Moreover, the larger implication of the post-9/11 ‘you-are-with-us-or-against-us’ stance of the United States was to require all the world’s states to restructure their coercive apparatus to fit America‘s strategic concerns. This would seem to reinforce the earlier requirement set by the imperium that they restructure their economic apparatus to fit with an American-led neoliberal globalization of capitalism. The trouble for the American empire as it inclines in this strategic direction is that very few of the world’s ‘non-core’ states today are going to be able to be reconstructed along the lines of post-war Japan and Germany, even if (indeed especially if) they are occupied by the US military, and even if they are penetrated rather than marginalized by globalization. The possibilities of ‘blowback’ are great, as exemplified not only in Iraq but also in a country like Pakistan, whose state which has played a crucial geo-strategic role for the empire in the current conjuncture. This is a country where 85-90% of the state budget is devoted to paying interest on the debt and for the military and coercive apparatus, leaving almost nothing for anything else. Little wonder, with no public educational system to speak of, that the poor in Pakistan – who do not vote for fundamentalist parties in any great numbers – have nevertheless been sending their boys to the religious madrasas, where they will be fed as well as indoctrinated in fundamentalism. And little wonder the imperium has been worried about such even such a compliant state losing control of its nuclear arsenal. The consequences are incalculable precisely because the imperium, even if it has military bases everywhere, cannot rule except with and through such states. As Ellen Wood wrote in the 2002 Socialist Register:
The very detachment of economic domination from political rule that makes it possible for capital to extend its reach beyond the capacity of any other imperial power in history is also the source of a fundamental weakness… National states implement and enforce the global economy, and they remain the most effective means of intervening in it. This means that the state is also the point at which global capital is most vulnerable, both as a target of opposition in the dominant economies and as a lever of resistance elsewhere. It also means that now more than ever, much depends on the particular class forces embodied in the state, and that now more than ever, there is scope, as well as need, for class struggle.

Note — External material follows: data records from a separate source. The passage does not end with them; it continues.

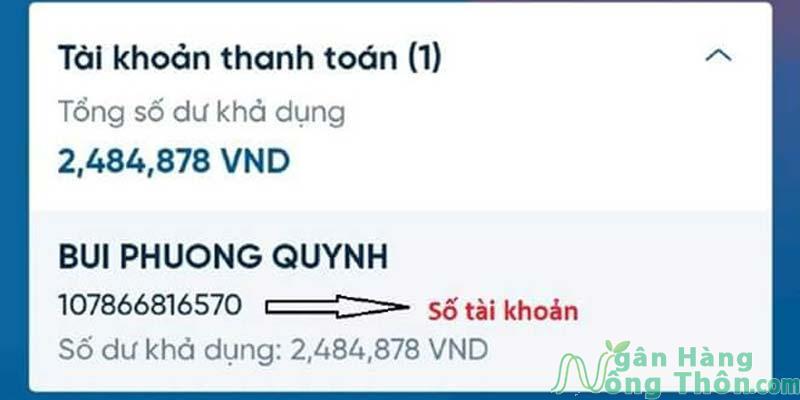 Hình ảnh minh họa về số dư khủng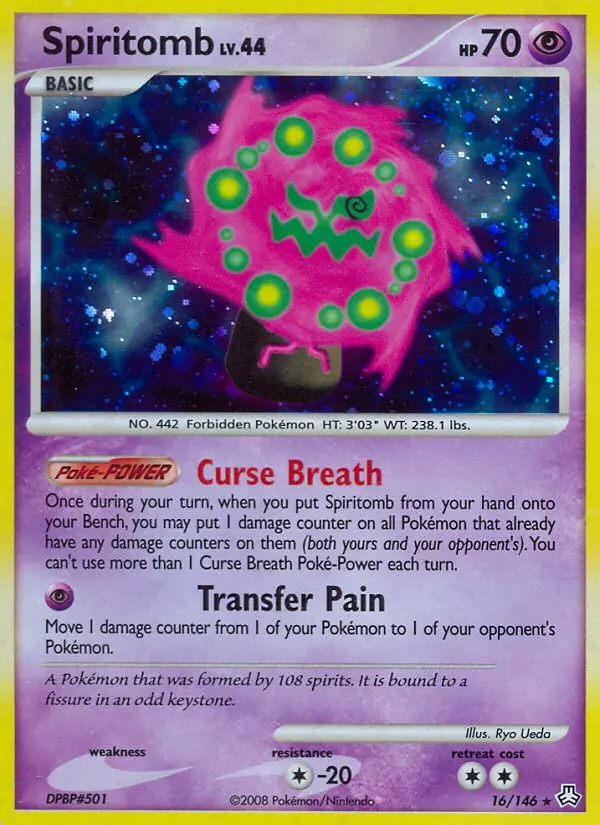 Spiritomb Rare Holo Pokemon card #16 from Legends Awakened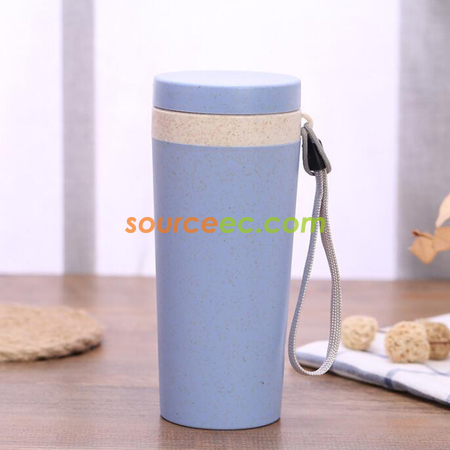Customization 300ML Wheat Straw Double Insulated Cup Corporate Gifts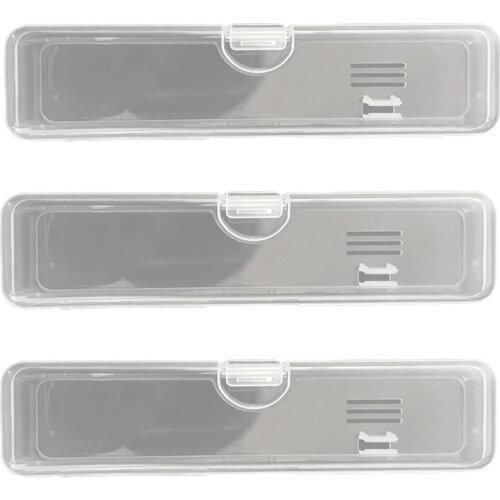 E7CF 2pcs Portable Travel Toothbrush Case Toothbrushes Storage Plastic Dust-proof Tooth Brush Container Toothpaste Box Holder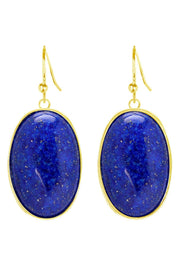 Lapis Statement Earrings - GF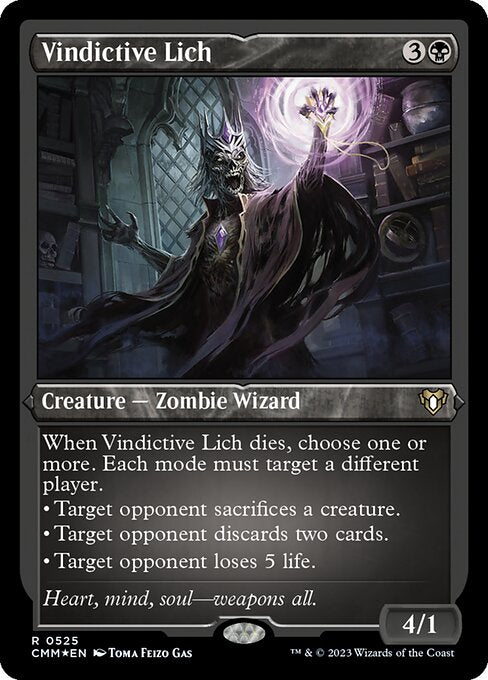 Vindictive Lich - Etched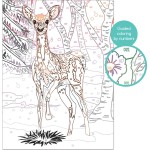 As company Paint And Frame Ζωγραφίζω Με Αριθμούς Snow Deer Για Ηλικίες 9+ Χρονών 1038-41014 5203068410148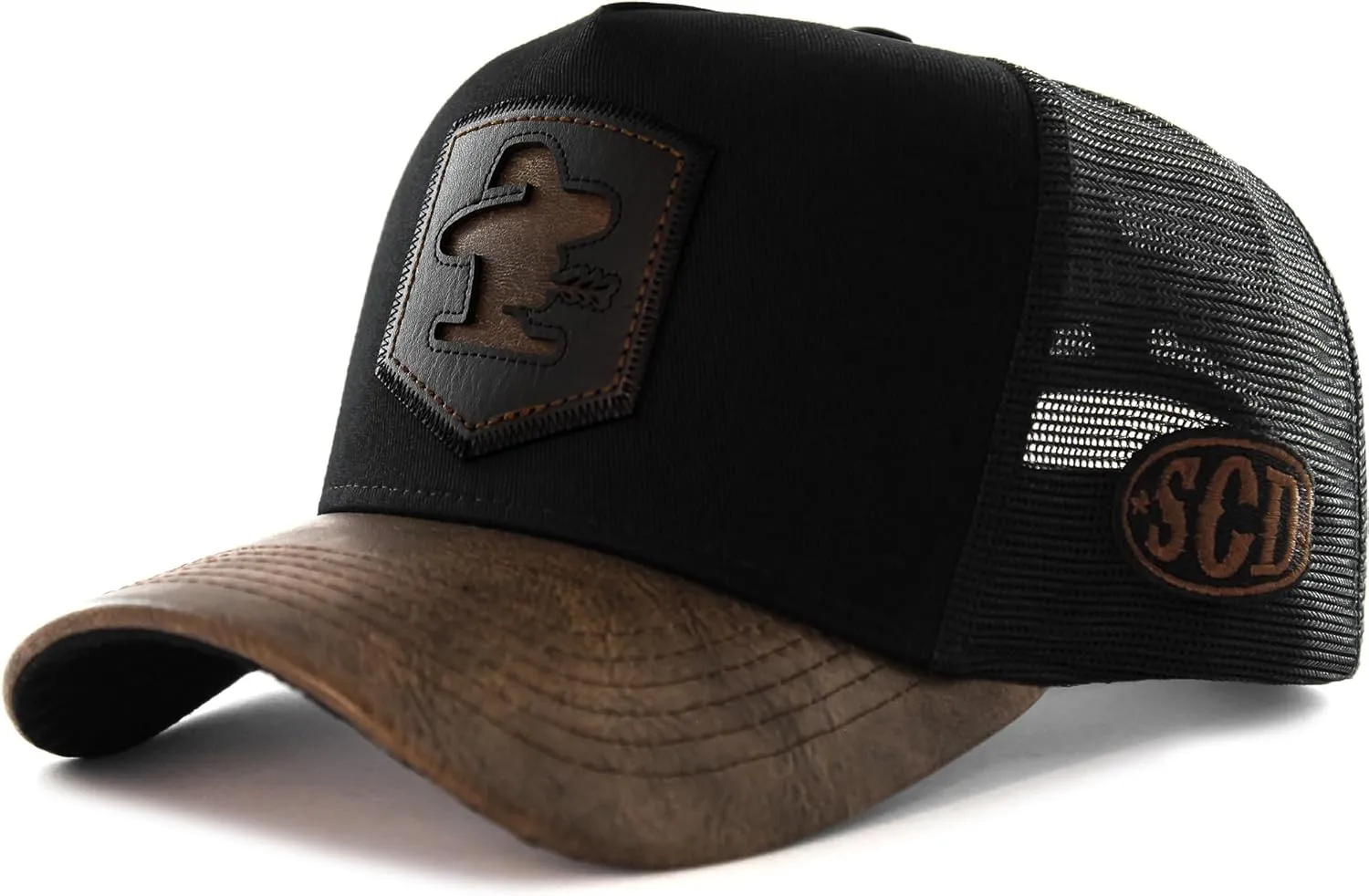 Sacudido's | Logo | Black | Trucker Cap, Agribusiness, Ranch Hat, Farm Cap, Adjustable, for Men and Women, Great for Hunting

This has enormous implications for the Left everywhere today, with one of the most important questions being to what extent the new coercive domestic practices and legal measures adopted under the banner of the war against terrorism will foreclose the scope for struggle…
Strategic Questions for the Global Justice Movement
The mass protests that developed in recent years have been intended to be raucus and, if possible, disruptive. It is that character that made them different from set-piece march along a route pre-agreed with the authorities. Most of the demonstrators come with nothing more illegal, let alone violent, intended than marching without a permit, occupying public spaces adjacent to the meeting places of the assembled elites, and engaging in the remarkably creative street theatre for which these demonstrations have become justly famous. The ‘diversity of tactics’ approach adopted at these demonstrations (and especially elaborately preplanned in Quebec City) to allow people to choose to stay away from a confrontation with the police at the security fence, explicitly made allowances for those who come to the demonstration with such a confrontation in mind. To be sure, confrontations with the police at such demonstrations were already, even before September the 11th, leading a good many people involved in these protests to question the ‘diversity of tactics’ approach, and lack of accountability to the whole of those who undertake the most militant tactics. Those who want to engage in a classic strategy of civil disobedience have sometimes felt that they are effectively prevented from doing by those who come with the intent of physically challenging police lines. For the police truncheons and tear gas inevitably descend indiscriminately and push everyone off the streets. The image of generalized violence among those who watched the protests on television or read the sensationalized accounts in the papers also led many people inside the anti-globalization movement to question the diversity of tactics approach and to demand a serious discussion of which tactics are in fact most productive of building greater popular support for the movement against globalization.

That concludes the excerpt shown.